Es díficil imaginar un juego más estúpido. Se mete la moneda en la ranura, se da a un botón gordote diseñado para muñones y la máquina hace el resto al son de una musiquilla electrónica que parece burlarse del jugador de turno. Son las tragaperras y la capacidad que ostentan de digerir monedas resulta ignominiosa. Su funcionamiento es realmente un insulto a la inteligencia, aunque quienes participan raramente se dan por aludidos. La mayoría juegan persuadidos de que en algún momento podrán rentabilizar la apuesta con un golpe de suerte que compense al alza la inversión realizada. La máquina está estudiada para que así lo crean y de cuando en cuanto dejará caer un puñado de monedas con gran estridencia, como si se abriera la tapa del cuerno de la abundancia. Es sólo un torpe engaño de los sentidos, el dinero recogido del cajoncillo de los premios volverá más tarde o más temprano a desfilar disciplinadamente por la insaciable ranura hasta el último duro.Si Madrid es la ciudad con más bares de todo el mundo y en cada bar hay al menos una de esas máquinas, Madrid es también la ciudad de las tragaperras. Un ingenio deleznable en el que cada madrileño se gasta 38.000 pesetas al año como término medio. Máquinas cuya cantinela ha conseguido desbancar al tufo a fritanga en la escala de elementos identificativos de nuestro sector de la restauración. Hay tragaperras por todas partes, conformando una tupida red en cuyas terminales se encuentran atrapados miles de ciudadanos. Están los desempleados, que se dejan en ellas el subsidio de paro, jubilados que invierten la pensión y amas de casa que gastan el dinero de la compra. Y no es eso lo peor, a los bares y salas recreativas donde la horrible musiquilla tanto alegra su cuenta de resultados, también acceden los menores. Ellos son quienes manejan las máquinas de diversión, corriendo el riesgo, por proximidad física con las otras, de pasar de un juego de rapidez o habilidad manual a otro de apuestas sin solución de continuidad.

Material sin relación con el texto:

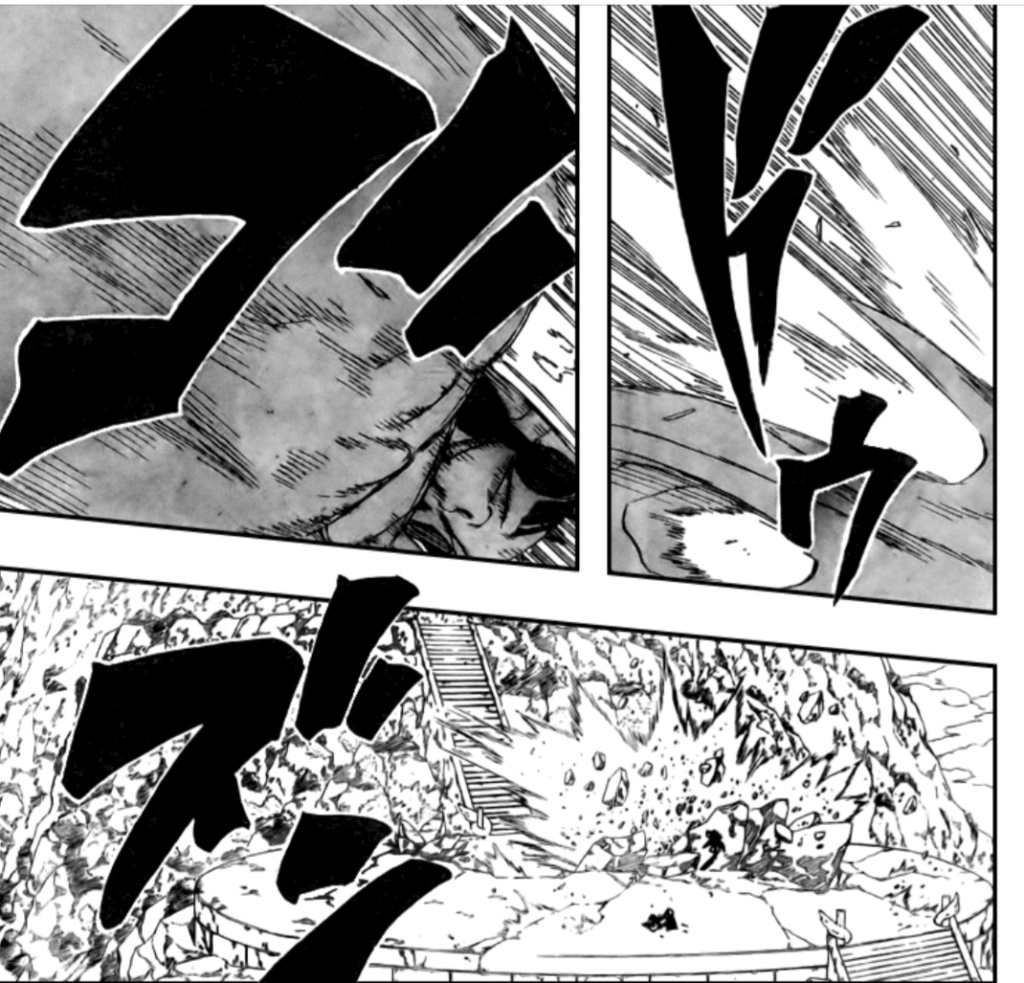 Hidan vs Juugo Scree375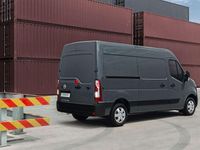 Nuova Nissan Interstar Acenta 105 CV (77 kW) 2026 Other Furgone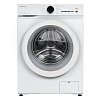 Toshiba TW-T21BU80UWBK(WW) Πλυντήριο Ρούχων 7kg Λευκό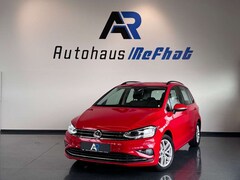 Bild des Angebotes VW Golf Sportsvan Comfortline*LED*SHZ*PDC*AHK*KAMER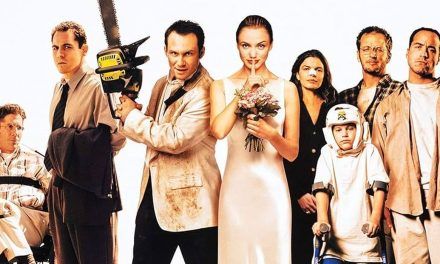 «Very Bad Things» (Peter Berg, 1998)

Si el de las tragaperras es lamentablemente un valor en alza, los bingos parecen estar de capa caída a pesar de que el pasado año han logrado frenar un poco su tendencia a la baja. Tampoco es un juego que requiera mayor refinamiento intelectual, por lo que su prestigio desde los dorados ochenta fue en declive hasta cosechar con merecimiento la fama de hortera. Por muchos peluches que regalen y muchas botellas de cava que descorchen para la clientela, pasar una velada tachando números en el cartón al dictado de una soporífera letanía resulta poco estimulante. A pesar de ello, la estadística afirma que cada ciudadano de Madrid se deja anualmente 27.000 pesetas como término medio en los bingos. Una cifra que dista mucho de las 9.500 que invertimos por cabeza en el casino, un escenario de juego que goza de más categoría social. Decir que vas al casino está mejor visto y sólo hay que observar la indumentaria que suelen exhibir sus clientes para entender que aquello es otro nivel. No obstanten hay jugadores que consideran deseable un cierto ambiente golfo para apostar su dinero. Ellos son los que nutren las timbas clandestinas que se montan en Madrid. Lo clandestino no es jugarse el dinero a las cartas en donde uno quiera, sino lo que hacen tres o cuatro organizaciones que operan en nuestra región. Cobran de cinco a diez mil pesetas a cada jugador por participar en partidas de póquer donde se apuestan cantidades millonarias en chalets de lujo y a las que muchos participantes acuden con sus títulos de propiedad en los bolsillos. El póquer es uno de los pocos juegos que escapan al control y al afán recaudatorio de la Hacienda pública, lo que le otorga un punto de morbo.

Tragaperras, bingos, casinos, loterías y quinielas configuran el amplio abanico de posibilidades que se le ofrece a la ciudadanía de apostar su dinero bajo la tutela administrativa. Un caudal de recursos para las arcas del Estado cuya obtención provoca efectos secundarios nada desdeñables. La Administración no sólo debería regular el sector con un planteamiento más social, sino también destinar una parte de lo que recauda al tratamiento de las legiones de ludópatas que su criterio netamente económico ha generado. Con ese problema no hay que jugar.